Work instructions: Everything in the listing below from the line containing "VD铝合金多功能储物箱" through the line containing "1 16 - Пенсія" must be repeated exactly; the remaining lines are not wanted.

Supplied material:
━━━
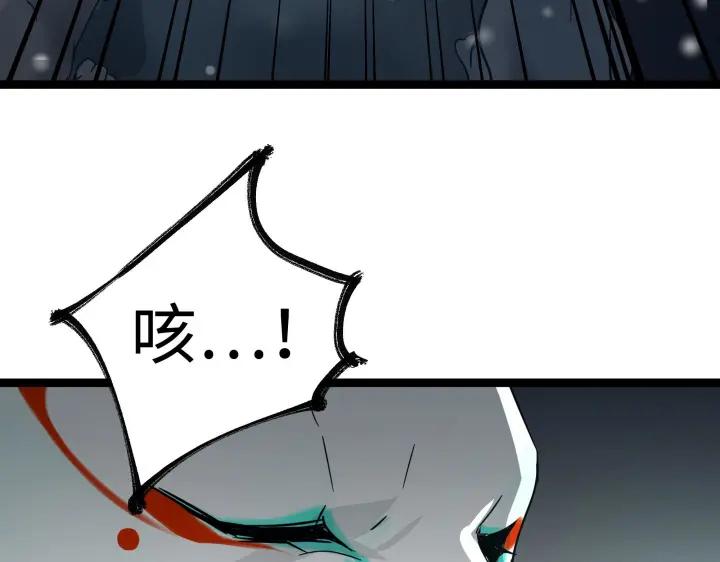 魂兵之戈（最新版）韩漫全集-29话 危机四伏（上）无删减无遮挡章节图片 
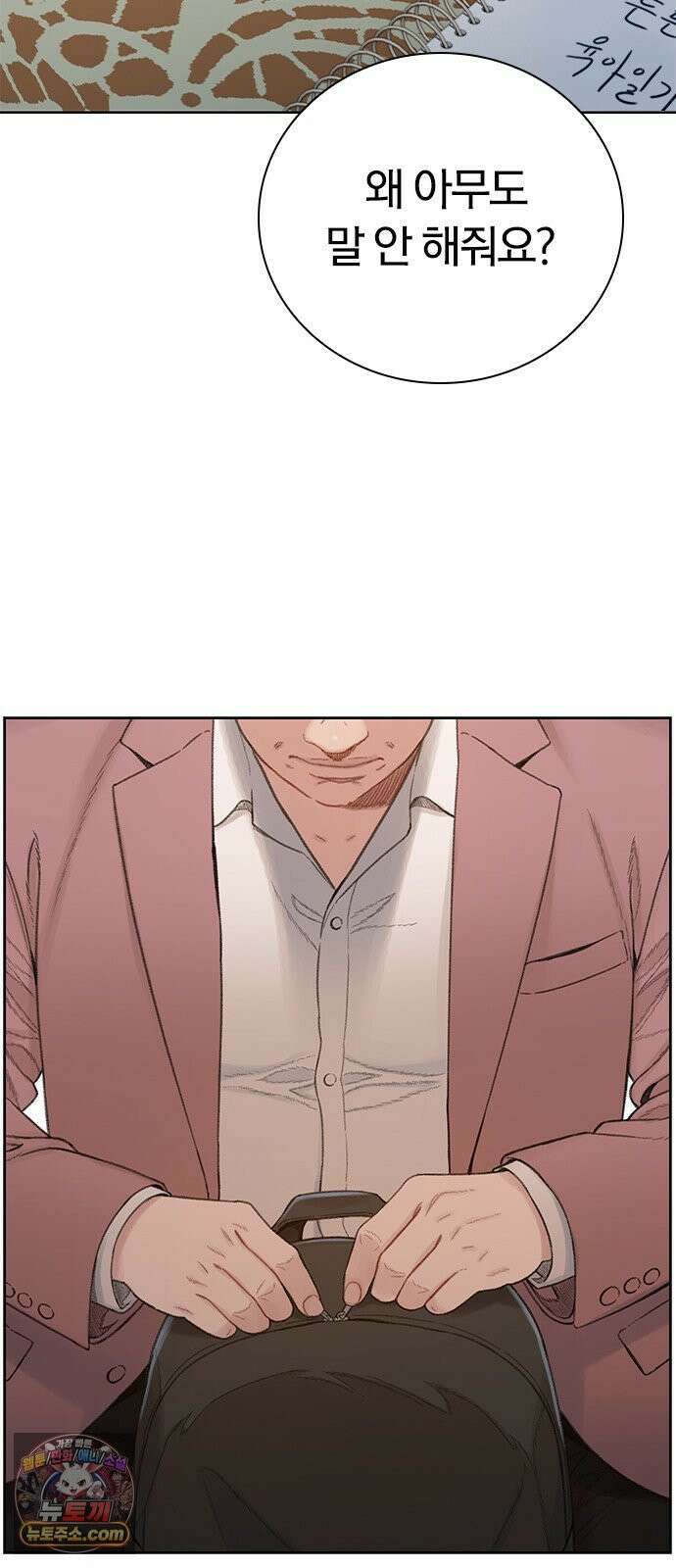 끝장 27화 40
━━━
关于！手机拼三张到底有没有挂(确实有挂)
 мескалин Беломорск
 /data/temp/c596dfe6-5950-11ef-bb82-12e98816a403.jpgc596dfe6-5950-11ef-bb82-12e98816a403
━━━
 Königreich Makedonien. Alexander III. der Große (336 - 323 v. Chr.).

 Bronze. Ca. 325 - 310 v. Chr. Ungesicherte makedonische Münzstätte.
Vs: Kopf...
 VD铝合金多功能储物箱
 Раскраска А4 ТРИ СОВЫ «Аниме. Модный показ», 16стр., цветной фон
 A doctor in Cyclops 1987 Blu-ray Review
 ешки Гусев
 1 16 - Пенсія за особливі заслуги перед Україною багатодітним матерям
━━━
Response to the task:
 VD铝合金多功能储物箱
 Раскраска А4 ТРИ СОВЫ «Аниме. Модный показ», 16стр., цветной фон
 A doctor in Cyclops 1987 Blu-ray Review
 ешки Гусев
 1 16 - Пенсія за особливі заслуги перед Україною багатодітним матерям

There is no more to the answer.